## Task brief
From the listing that follows, reproduce only the lines from the one holding "Vuelca y lo abandonan" through the one holding "اولین جشنواره ملی تولید و صادرات انار ساوه", both included, with no pictures.

## Supplied information
--------

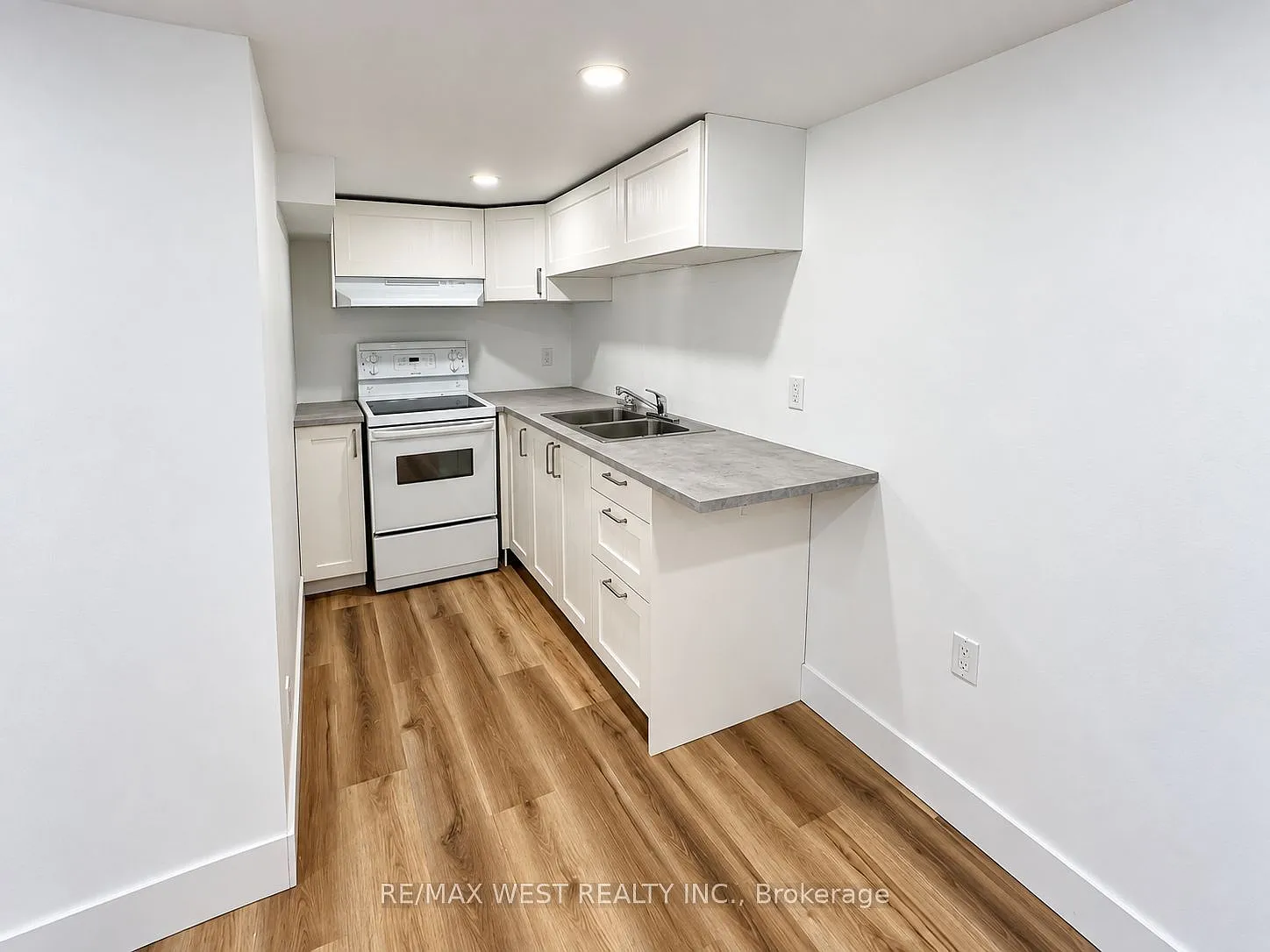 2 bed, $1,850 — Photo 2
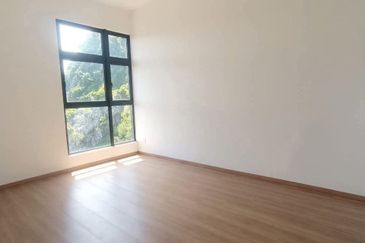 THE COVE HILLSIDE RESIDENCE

--------

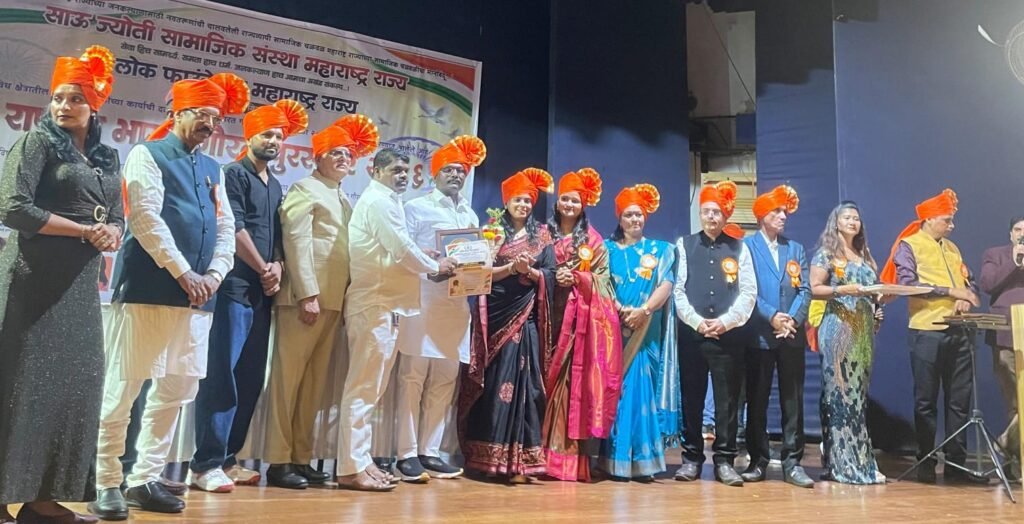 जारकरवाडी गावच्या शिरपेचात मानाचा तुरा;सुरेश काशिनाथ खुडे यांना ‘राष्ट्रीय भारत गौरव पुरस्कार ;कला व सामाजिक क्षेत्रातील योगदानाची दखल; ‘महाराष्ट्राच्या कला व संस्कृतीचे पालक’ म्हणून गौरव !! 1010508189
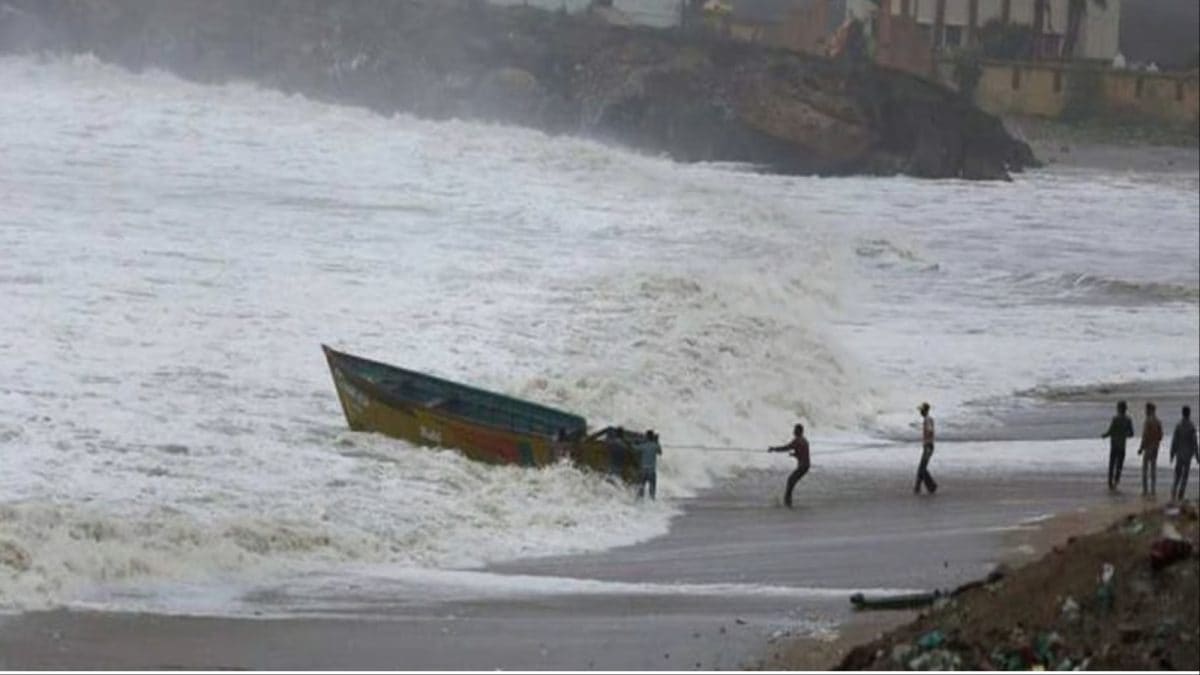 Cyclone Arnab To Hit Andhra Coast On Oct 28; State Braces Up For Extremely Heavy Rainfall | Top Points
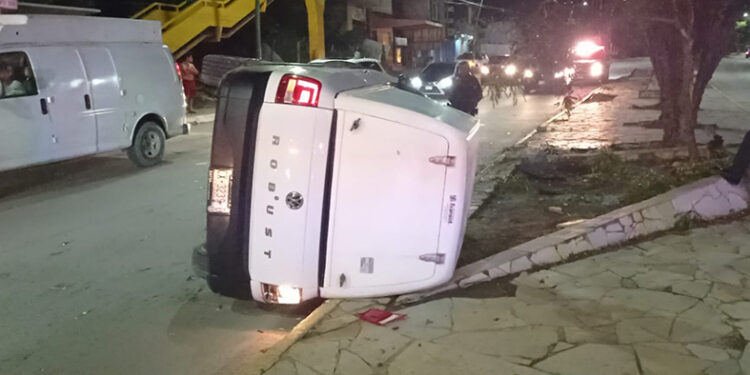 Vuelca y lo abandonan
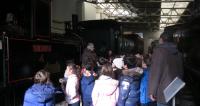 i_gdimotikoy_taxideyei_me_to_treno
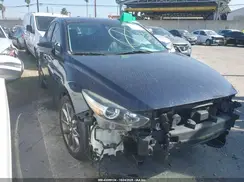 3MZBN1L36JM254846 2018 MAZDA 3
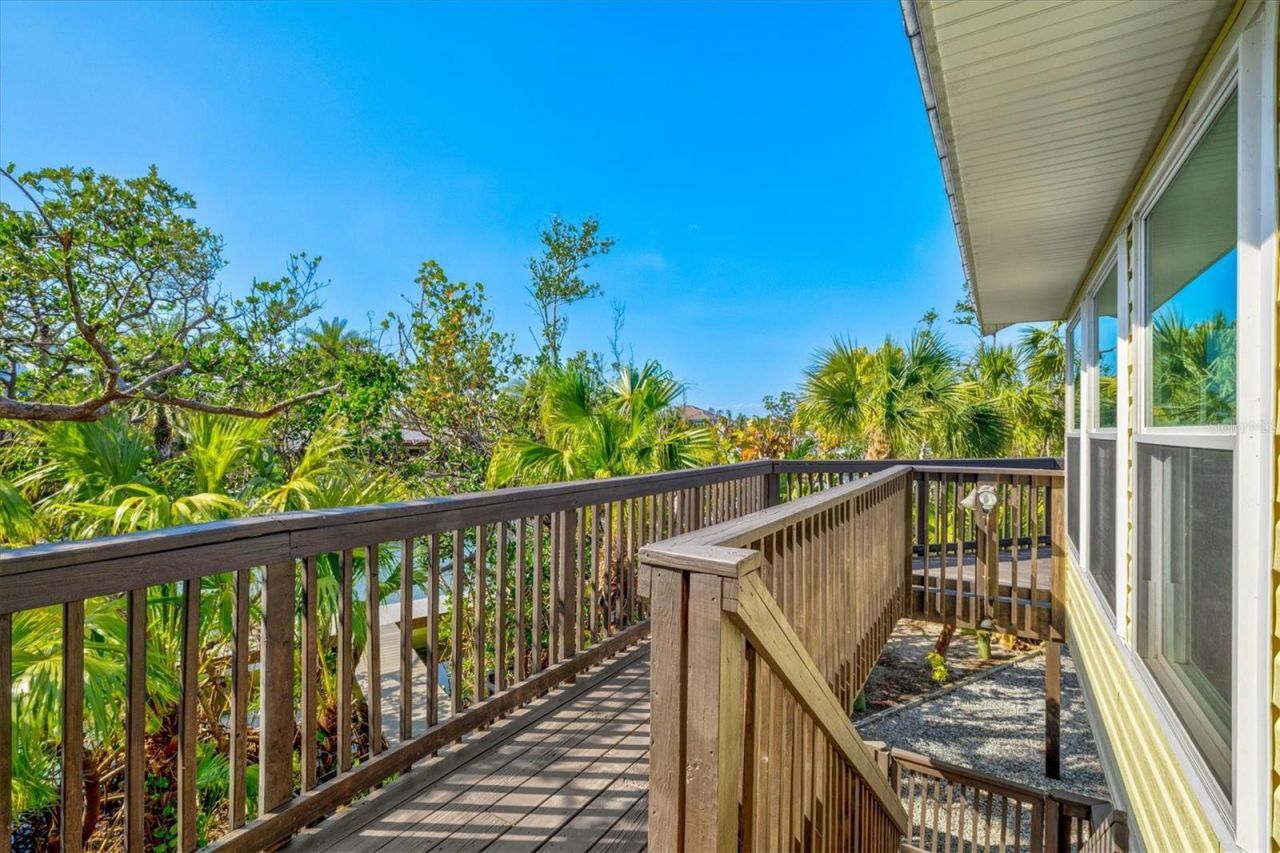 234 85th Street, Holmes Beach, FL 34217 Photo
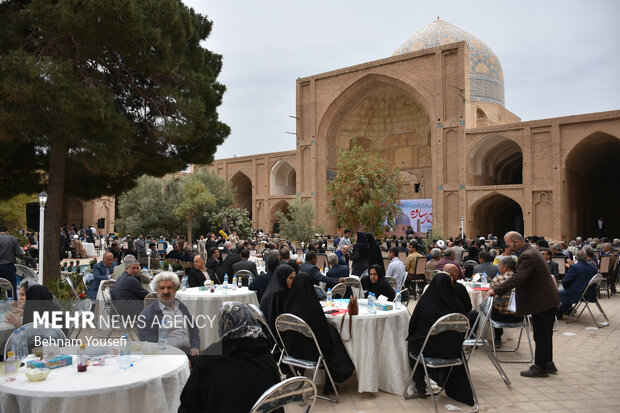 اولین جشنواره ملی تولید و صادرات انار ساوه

--------

## Completed exercise
 Vuelca y lo abandonan
 i_gdimotikoy_taxideyei_me_to_treno
 3MZBN1L36JM254846 2018 MAZDA 3
 234 85th Street, Holmes Beach, FL 34217 Photo
 اولین جشنواره ملی تولید و صادرات انار ساوه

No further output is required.